The pandemic created perfect growth conditions for a variety of companies. Some simply added a lot of customers that would have eventually found their product anyway. That’s what happened with the Disney+ streaming service for example. People being stuck at home led to meteoric growth, but Walt Disney probably would have eventually captured those customers.
That’s not true for every product or fad created by covid restrictions. When was the last time you made that whipped instant coffee treat or baked any bread? (Probably not in a long while.) Two pandemic-era stock darlings that have struggled for the past year followed a different trajectory.
Both sell a good product that has widespread public support but operate in incredibly crowded markets. During the pandemic, both of these companies grew faster than would have been possible under normal circumstances. That created outsize expectations that neither brand can keep up with.
But, the reality is that while both of these pandemic darlings might find their niche and become good businesses (maybe not good investments) each one would be in a better position as part of a larger company.
Amazon and Apple Both Have Health and Fitness Goals
Amazon has made a few missteps in the health space where it has shut down multiple projects that were designed to disrupt the status quo. The company has also failed to gain much traction with its Halo fitness devices. Apple has perhaps been more successful with its Watch and fitness subscription product, but it also has bigger aspirations in the space than it has been able to achieve.
Both companies have generally used a build versus buy model, but Apple did buy Beats for $3 billion and Amazon spent $13.7 billion on Whole Foods. Those were both strategic moves that fit each company’s longer-term goals.
Now, market conditions have made it possible for either company to acquire Peloton (PTON) or Teladoc TDOC — moves that would have been too expensive not that long ago. You can argue that either one or both, makes sense for Apple or Amazon to buy (and it seems likely that tires have at least been kicked behind the scenes).
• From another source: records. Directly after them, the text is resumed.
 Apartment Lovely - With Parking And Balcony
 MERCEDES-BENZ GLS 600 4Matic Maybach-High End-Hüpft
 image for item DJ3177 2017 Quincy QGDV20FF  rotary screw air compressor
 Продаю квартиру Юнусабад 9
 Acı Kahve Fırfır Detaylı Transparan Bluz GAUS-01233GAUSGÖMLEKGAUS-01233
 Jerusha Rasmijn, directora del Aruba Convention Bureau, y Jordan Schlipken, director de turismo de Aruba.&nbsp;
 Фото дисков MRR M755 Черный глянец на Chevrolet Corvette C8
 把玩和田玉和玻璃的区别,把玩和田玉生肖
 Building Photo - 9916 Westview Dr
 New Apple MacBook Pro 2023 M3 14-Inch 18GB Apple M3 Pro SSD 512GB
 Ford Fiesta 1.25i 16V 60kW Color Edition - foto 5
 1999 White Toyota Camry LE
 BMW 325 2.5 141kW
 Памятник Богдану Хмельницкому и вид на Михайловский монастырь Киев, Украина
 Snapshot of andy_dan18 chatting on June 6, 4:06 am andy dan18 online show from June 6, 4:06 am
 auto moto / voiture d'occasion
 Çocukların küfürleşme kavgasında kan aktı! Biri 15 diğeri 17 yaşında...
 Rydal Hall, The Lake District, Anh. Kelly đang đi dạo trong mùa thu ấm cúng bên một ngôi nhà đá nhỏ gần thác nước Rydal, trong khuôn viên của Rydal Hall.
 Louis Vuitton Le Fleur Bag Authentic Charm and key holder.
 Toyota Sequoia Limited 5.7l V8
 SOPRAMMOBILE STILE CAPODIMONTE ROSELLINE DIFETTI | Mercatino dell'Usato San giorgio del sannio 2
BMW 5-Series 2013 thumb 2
Why Teladoc and Peloton Make Sense for Apple or Amazon
Teladoc has lost 82% of its value over the past year and it now has a market cap of under $4 billion. Peloton stock has followed a similar path over the past 12 months, dropping by 77% leaving it with a $2.45 billion market cap.
Those are astounding drops, but few people argue that Peloton and Teladoc offer bad products. Peloton sells a best-in-class bike that’s also pricier than many of its rivals. Teladoc was a market leader but it sells a product that’s hard to distinguish.
In both cases, being a product sold by a bigger company makes sense for Peloton and Teladoc. With Teladoc, for example, either company could bundle some of its virtual health services into its existing subscription products. That would give either Amazon or Apple a way into healthcare through a brand people like, that they may not be able to use because their insurance offers something similar
Peloton fits as more of a niche product, but Apple has made its entire product business about selling best-in-class items at premium prices. Amazon has had less experience doing that, but exercise devices fit the model it’s trying to build with its Halo fitness trackers. Both companies, of course, would benefit from owning Peloton’s subscription business.
Both of these deals make sense as the prices have gotten so low it’s hard to think that either company could prevent a sale if Amazon or Apple wanted to buy.